What you have to do
Please reproduce all the data exactly as written and omit the pictures.

Dataset section
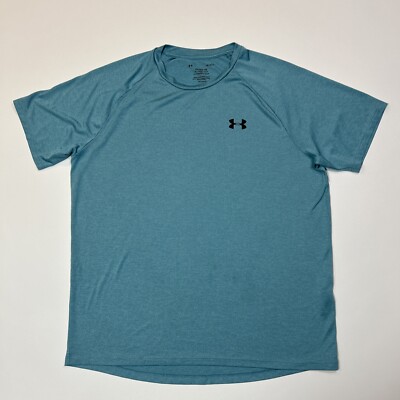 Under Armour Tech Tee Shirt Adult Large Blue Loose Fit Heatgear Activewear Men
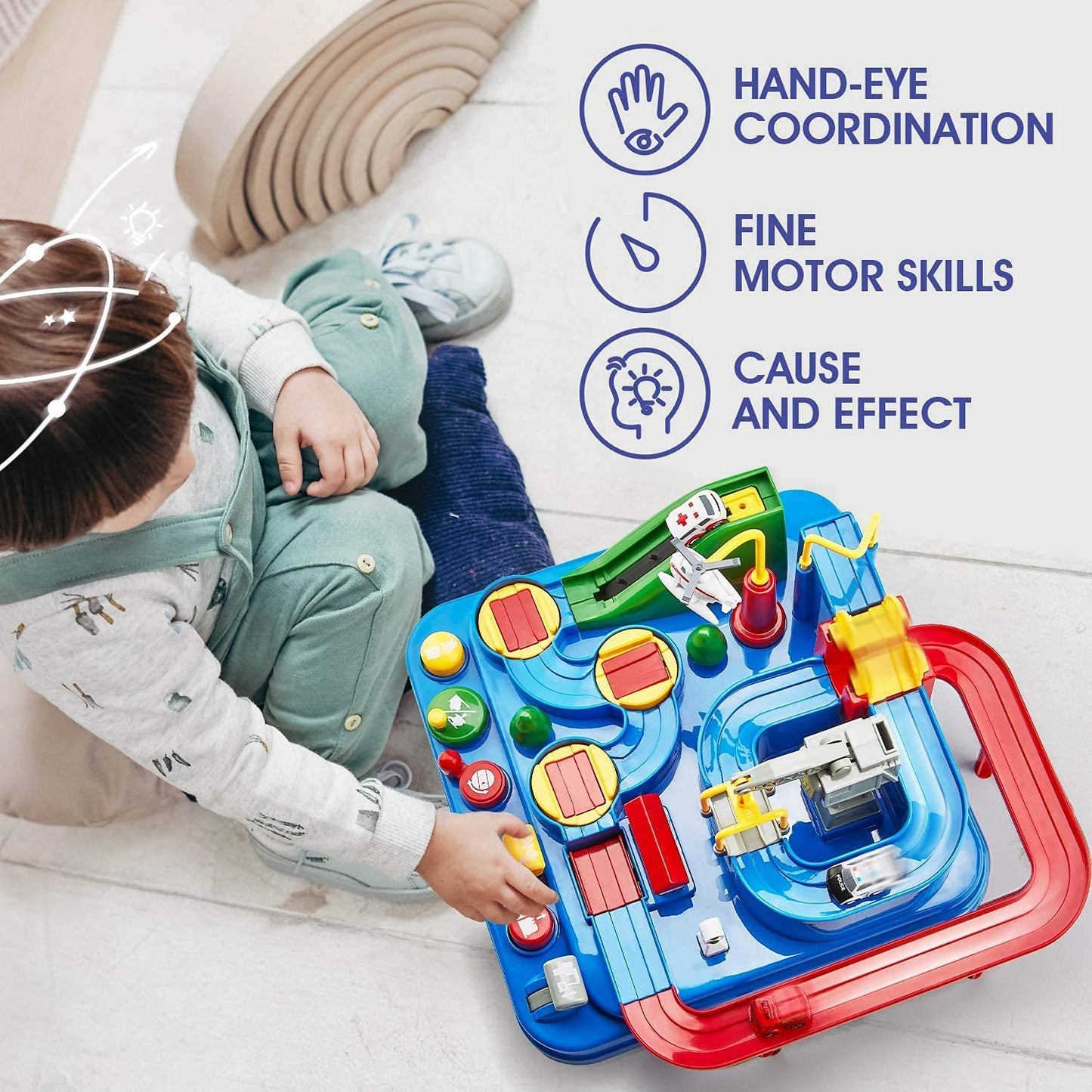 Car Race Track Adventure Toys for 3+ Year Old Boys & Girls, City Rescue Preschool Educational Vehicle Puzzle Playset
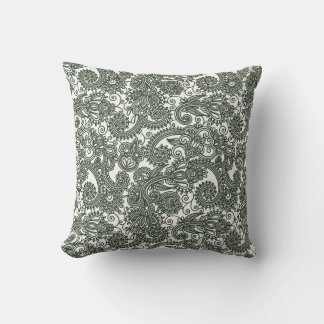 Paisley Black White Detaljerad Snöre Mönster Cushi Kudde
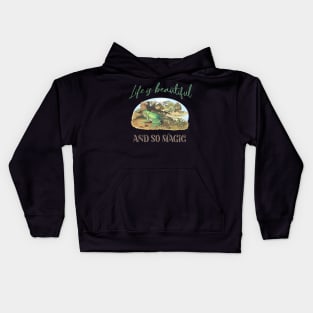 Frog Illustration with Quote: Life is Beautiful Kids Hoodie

Exercise response
 Under Armour Tech Tee Shirt Adult Large Blue Loose Fit Heatgear Activewear Men
 Car Race Track Adventure Toys for 3+ Year Old Boys & Girls, City Rescue Preschool Educational Vehicle Puzzle Playset
 Paisley Black White Detaljerad Snöre Mönster Cushi Kudde
 Frog Illustration with Quote: Life is Beautiful Kids Hoodie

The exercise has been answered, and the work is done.